──────── RECORDED DATA ────────
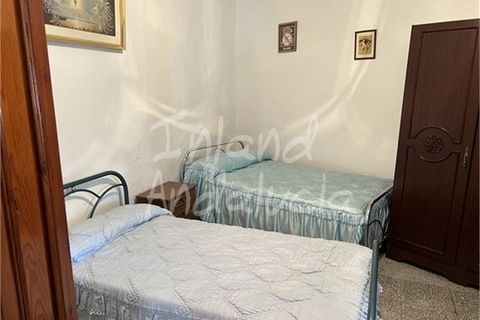 Byhus i Luque, Cordoba, Luque - € 99.000 | Ref: TH6252 - foto 11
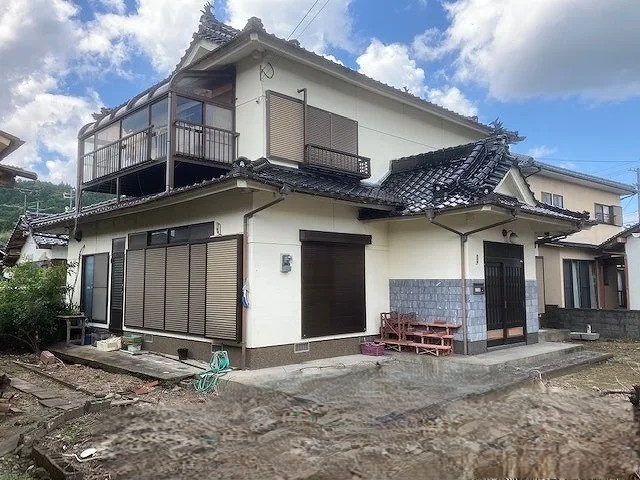 MIC安心院⑨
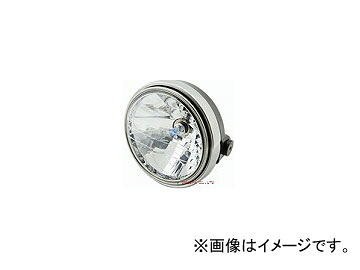 AP ヘッドライトマルチリフレクター カワサキ汎用 AP-BP-Z088 2輪 Headlight multi reflector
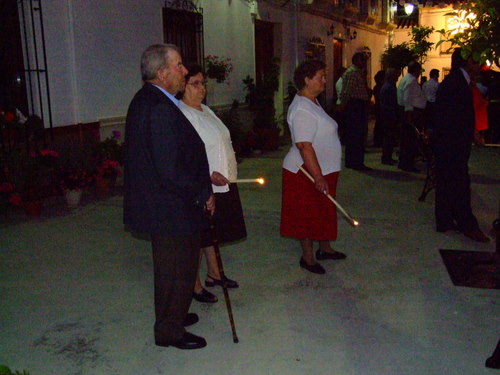 27.11.027. Esparragal. Priego. Virgen del Carmen y Santa Cruz. 030508.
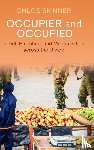 Skinner, Chloe (Institute of Development Studies - Occupier and Occupied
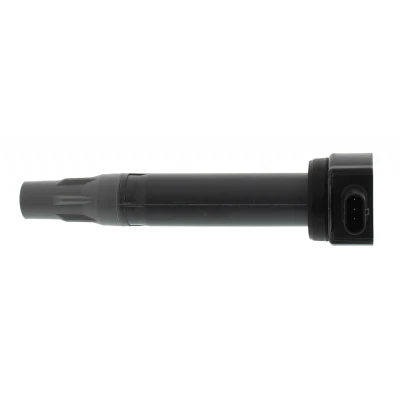 Bild av MAPCO 80980 Bobine d&#039;allumage 3 CHRYSLER: 300C Touring, Berline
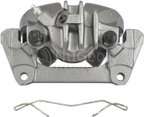 BBB Industries 99-09324A Disc Brake Caliper - Front Left - view 4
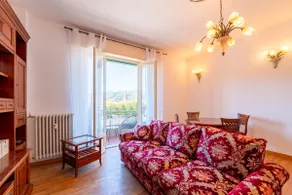 Manzoni 2 - Dome View Apartment - Image 5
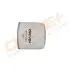 Drive+ Фільтр оливи (аналог WL7078) Drive+ DP1110.11.0263 (фото 5)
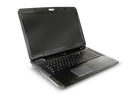 MSI 17.3" Barebone Notebook – DDR3 SDRAM, GTX 680M Graphics, Wi-Fi, Bluetooth, 9-Cell Battery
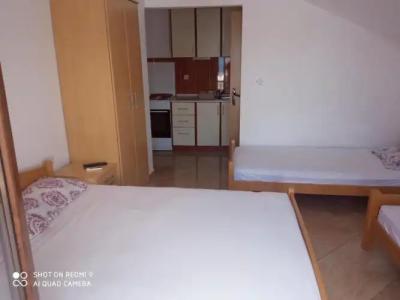 Apartments Petrović - 9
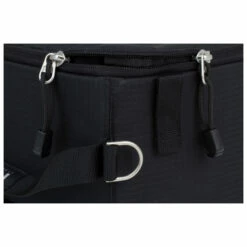 Shallow Medium - Camera Bag -camping sale f stop gear shallow medium camera bag detail 4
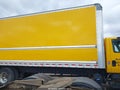 Photo 15 of 17 — 2019 International Durastar 4300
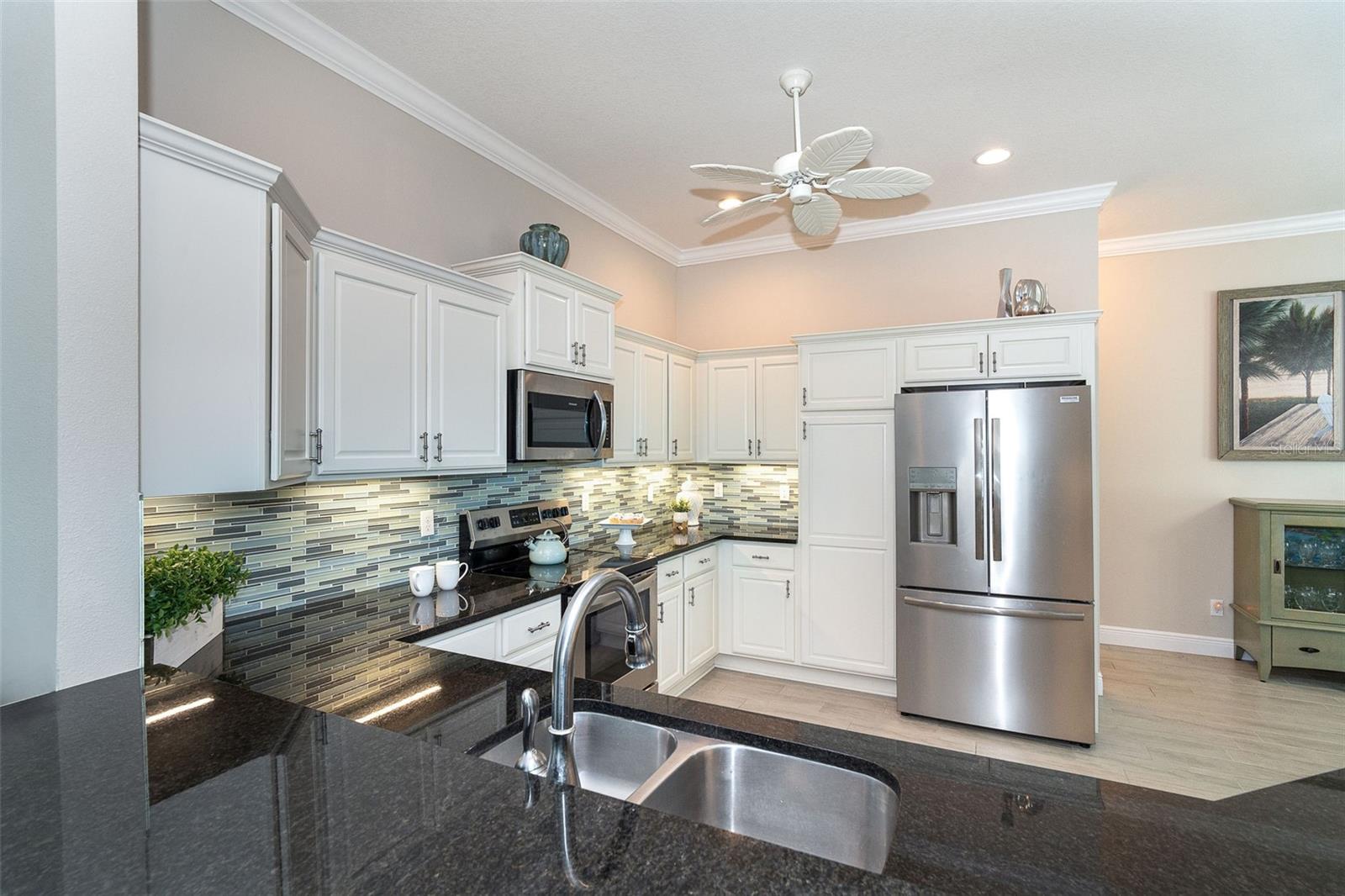 8960 SCALLOP WAY, PLACIDA, FL, 33946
────────
# TO DO:
Starting from the line that contains "Photo 15 of", transcribe exactly each line down to the final line of the material above, excluding every picture and adding nothing else.

# ANSWER TO THIS EXERCISE:
 Photo 15 of 17 — 2019 International Durastar 4300
 8960 SCALLOP WAY, PLACIDA, FL, 33946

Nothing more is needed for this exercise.